Working data:
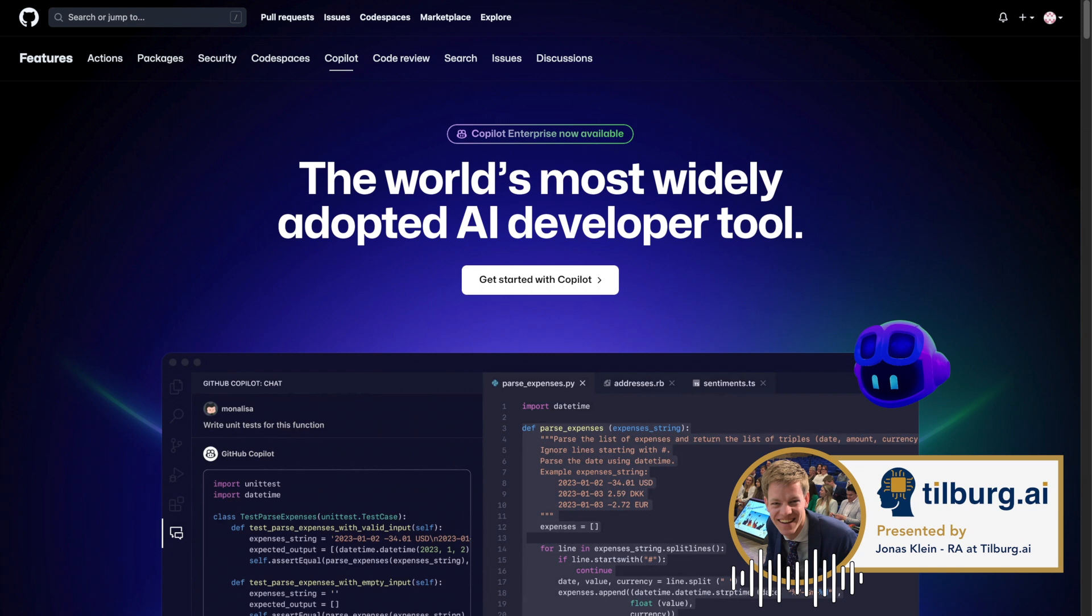Welcome to this video. In this video, we will explain how to get GitHub Copilot for free as a student.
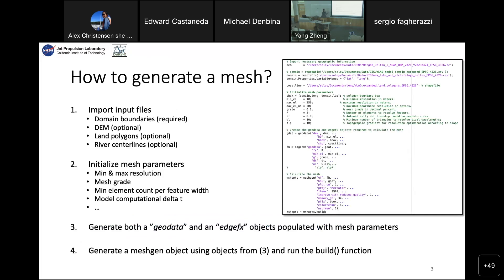The way it works is that you input files — some of the information that was presented before, such as the domains, the polygons, the DEM. You can also add information about the land, the position and location where there is basically no water flowing, or the river centerlines. Once you gather all these data, you can initialize the mesh, meaning providing the tool all the information it needs to run a mesh.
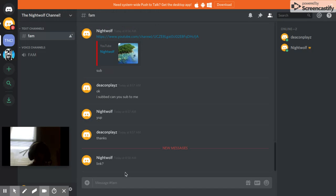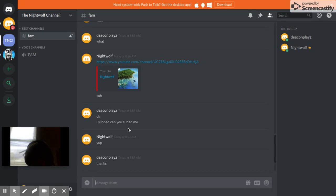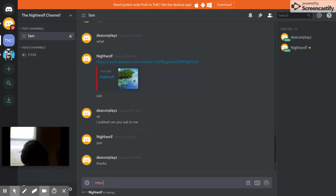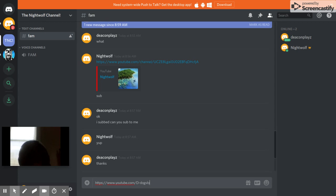I don't know, but I'm in Discord with Nightwolf. H-T-T-B-S slash slash w dot youtube dot com slash D-Dog Vlogs.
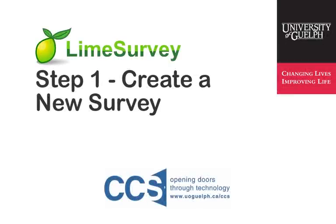Welcome to the Lime Survey video series created by CCS to assist Lime Survey coordinators in navigating some of the commonly used features of the Lime Survey web application.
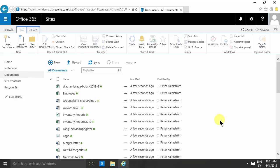Hi, I'm Peter Kalmström of Kalmström.com Business Solutions. In this demonstration, I'll talk to you about categorization.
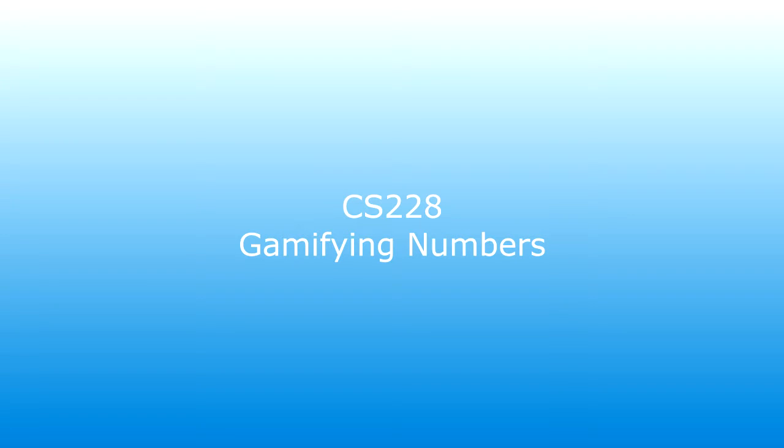Hi everybody, welcome to my third interim video for CS228. This video will summarize the gamification of ASL digits in the current program.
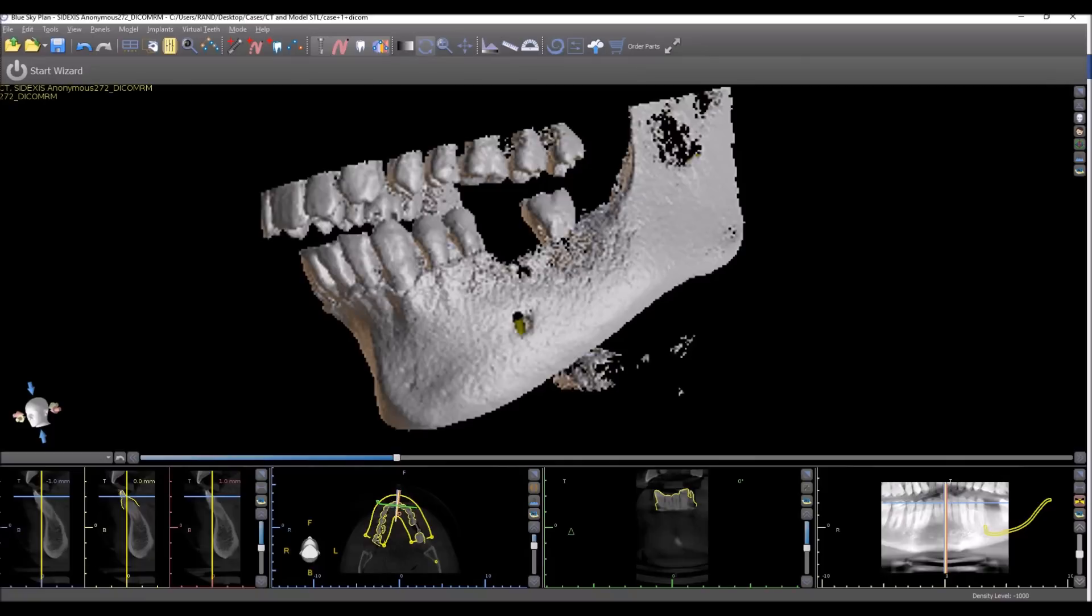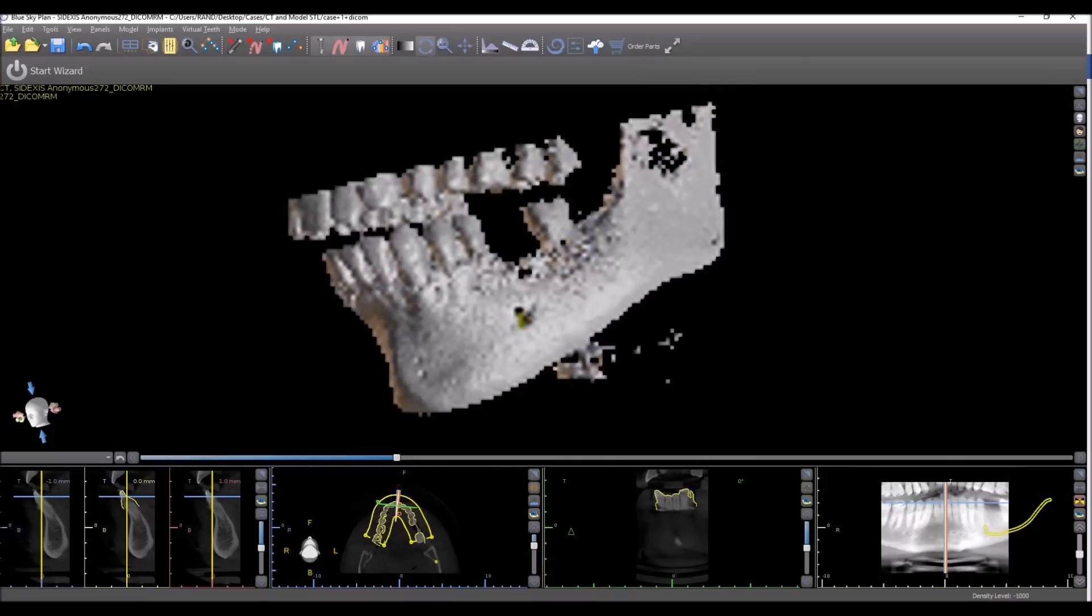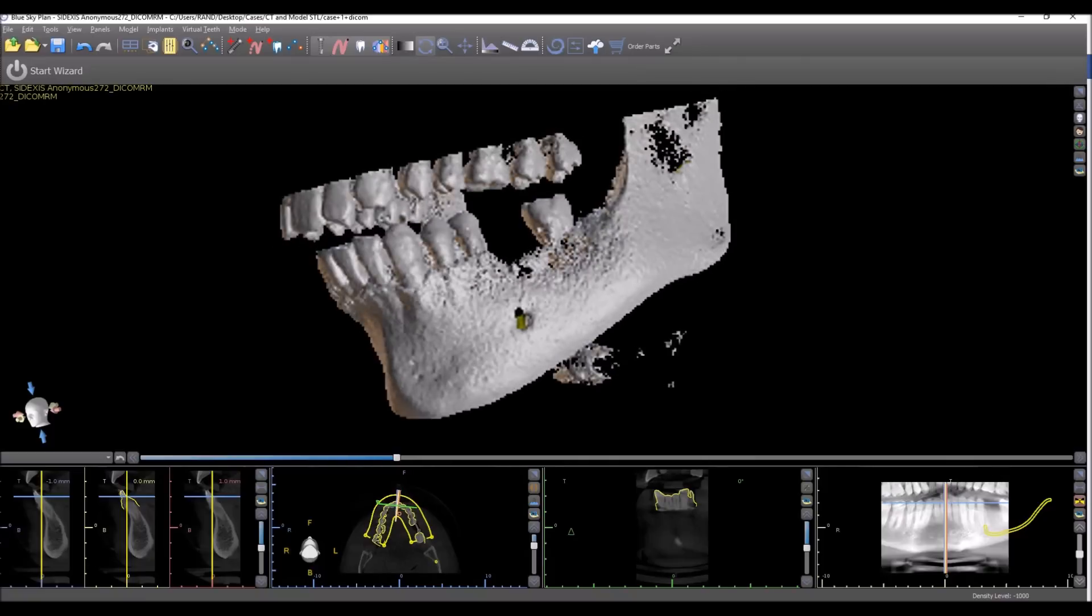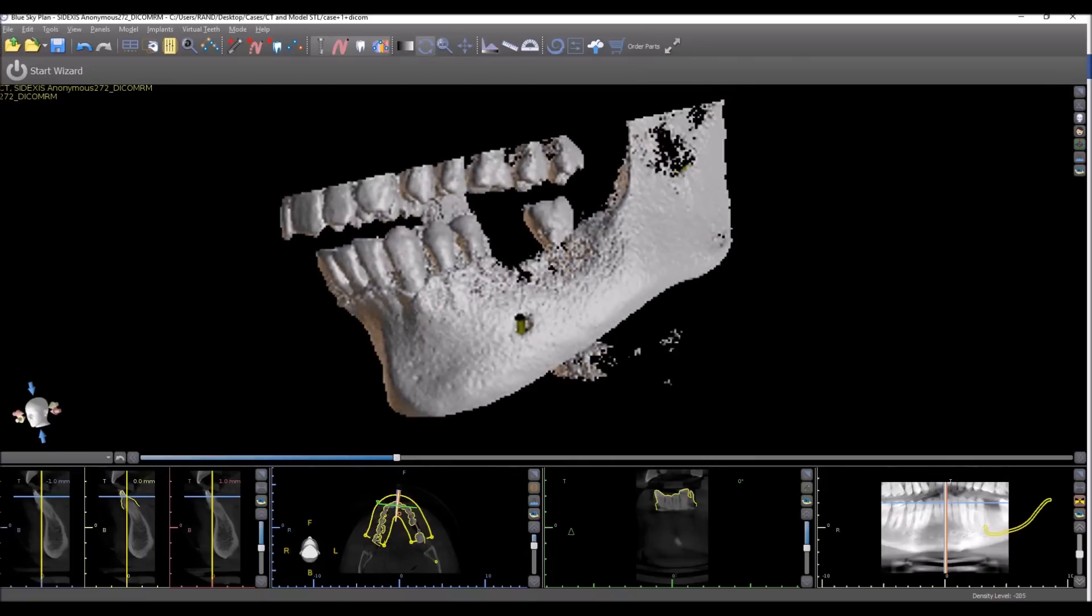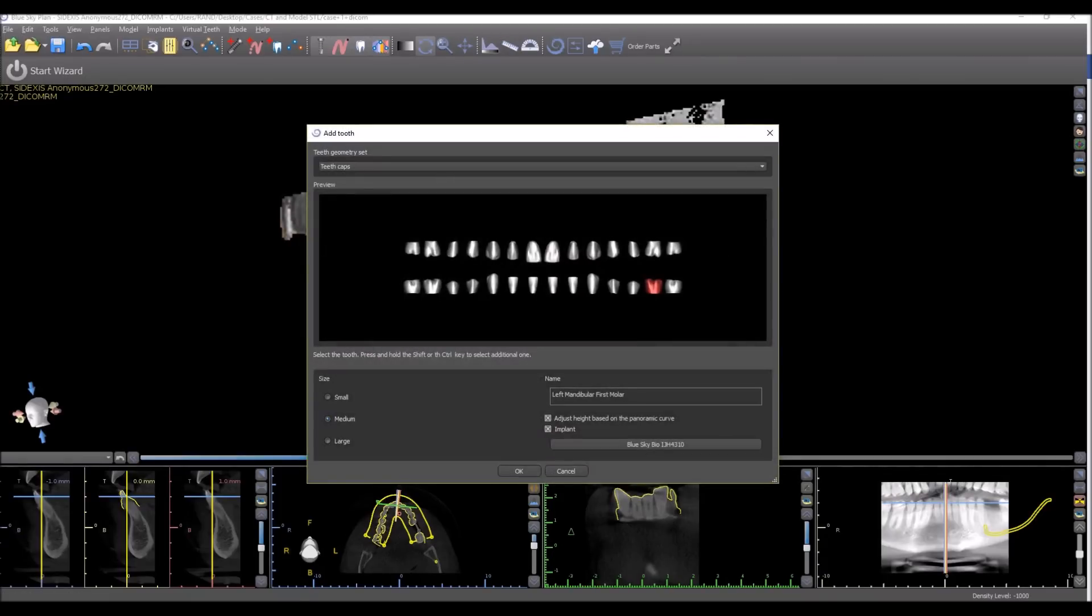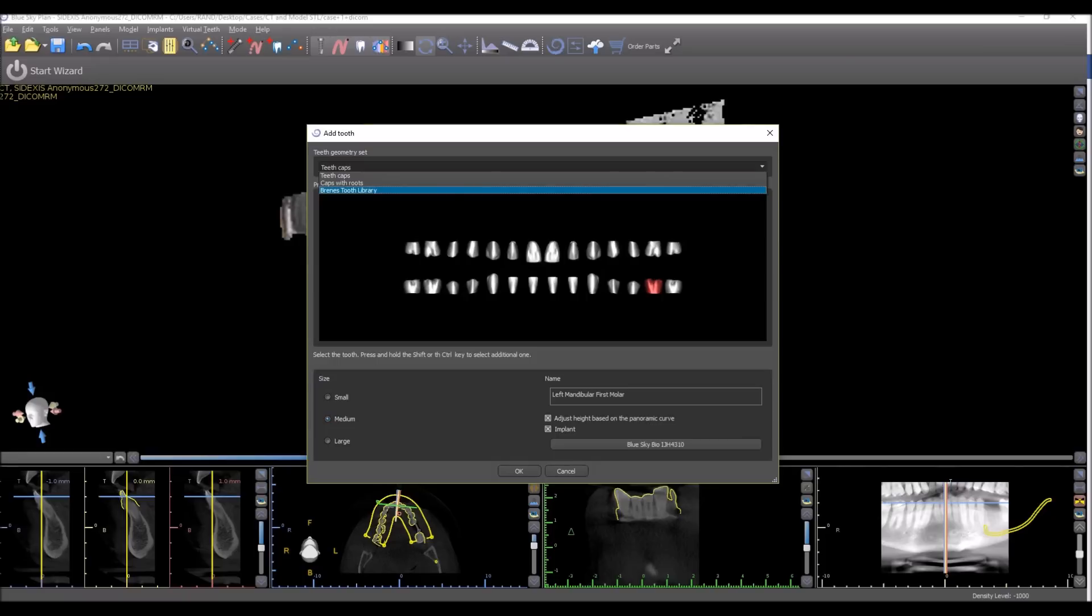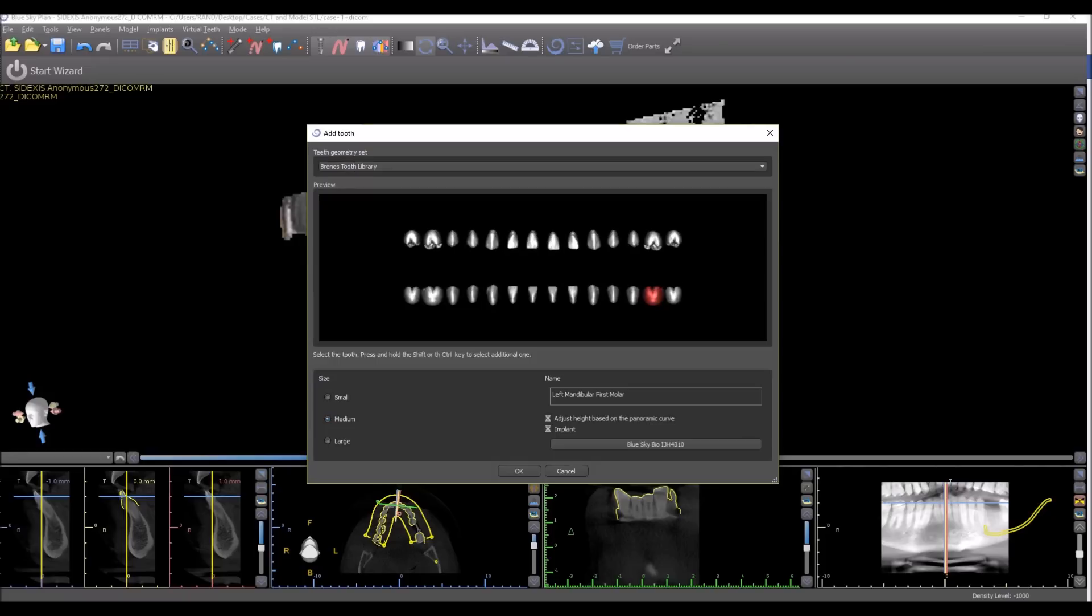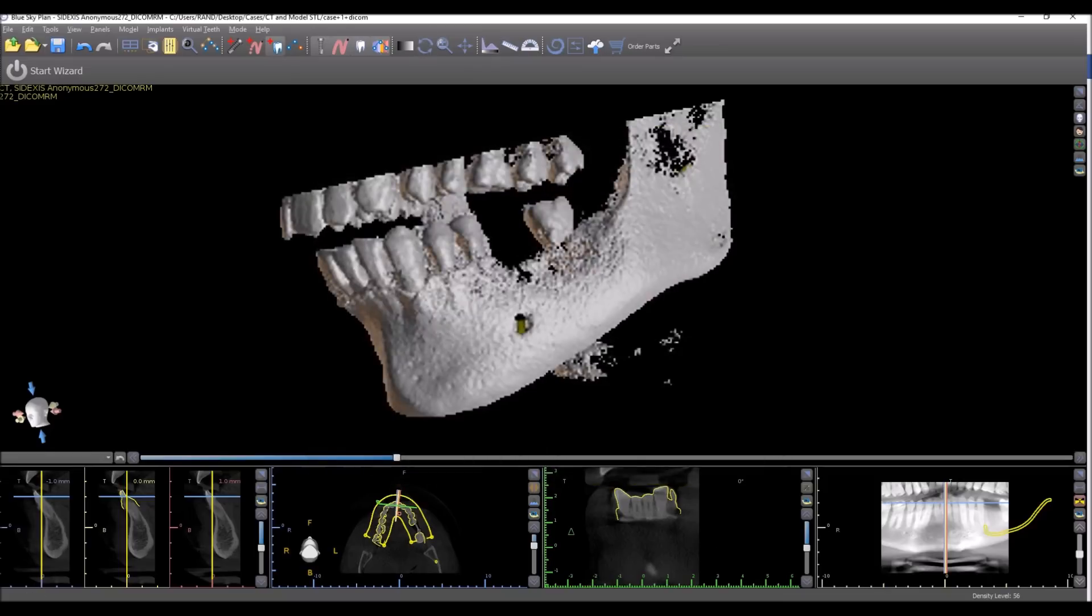Moving along, I've jumped out of the wizard, turned that off for now, but if we go ahead to add a virtual tooth, we can see that we now have, courtesy of Dr. Brennis, we now have the Brennis tooth library added to the software and the virtual teeth appear as an option and could be dropped into the treatment plan.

Work order:
Transcribe all the entries precisely. Do not include any picture.

Task solution:
Welcome to this video. In this video, we will explain how to get GitHub Copilot for free as a student.
The way it works is that you input files — some of the information that was presented before, such as the domains, the polygons, the DEM. You can also add information about the land, the position and location where there is basically no water flowing, or the river centerlines. Once you gather all these data, you can initialize the mesh, meaning providing the tool all the information it needs to run a mesh.
I don't know, but I'm in Discord with Nightwolf. H-T-T-B-S slash slash w dot youtube dot com slash D-Dog Vlogs.
Welcome to the Lime Survey video series created by CCS to assist Lime Survey coordinators in navigating some of the commonly used features of the Lime Survey web application.
Hi, I'm Peter Kalmström of Kalmström.com Business Solutions. In this demonstration, I'll talk to you about categorization.
Hi everybody, welcome to my third interim video for CS228. This video will summarize the gamification of ASL digits in the current program.
Moving along, I've jumped out of the wizard, turned that off for now, but if we go ahead to add a virtual tooth, we can see that we now have, courtesy of Dr. Brennis, we now have the Brennis tooth library added to the software and the virtual teeth appear as an option and could be dropped into the treatment plan.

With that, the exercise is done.